La concentración media de partículas PM 2.5 en el aire (las más pequeñas y nocivas) durante el mes pasado fue de 34 microgramos por metro cúbico, cifra notablemente inferior a los 500 microgramos que se registraron en temporadas invernales anteriores, épocas en las que la utilización de los sistemas de calefacción a carbón contribuyen a aumentar los riesgos medioambientales.

El promedio anual que establece la Organización Mundial de la Salud (OMS) para un aire saludable es de 20 microgramos por metro cúbico de estas partículas.

Si nos enfocamos en la Ciudad de Buenos Aires, un informe de la OMS indicó que, según estándares internacionales, el aire tiene un 30 % más de partículas contaminantes que lo recomendable. Sin embargo, desde 2010 este nivel se redujo año a año. Ciudades como México y San Pablo poseen niveles mayores de polución.

Las autoridades ambientales de la capital china afirmaron que hasta el 25 de enero se registró una calidad de aire “buena” según los estándares, lo que junto a las condiciones climáticas favorables permitió que se registraran inusuales jornadas de cielo azul.
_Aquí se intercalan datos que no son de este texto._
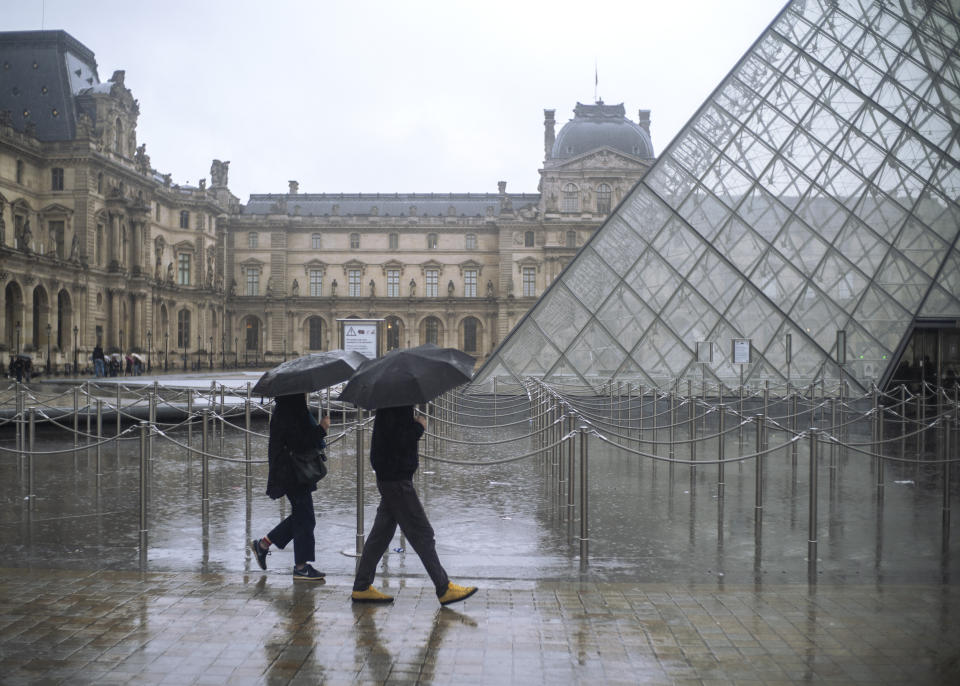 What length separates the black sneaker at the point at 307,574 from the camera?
5.15m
Asimismo, algunos medios locales aseguraron que estos días de baja contaminación provocaron el aumento de los índices de estas partículas nocivas en el aire de otras zonas del país a las que, en el marco de los proyectos gubernamentales para lograr una Beijing libre de polución, se trasladaron industrias contaminantes, que antes se encontraban radicadas en la capital.

Además, indicaron que como consecuencia de retrasos en el plan de sustitución de la calefacción de carbón o problemas de abastecimiento de gas natural, miles de familias de zonas vecinas a la capital debieron enfrentar temperaturas bajo cero en el interior de sus casas.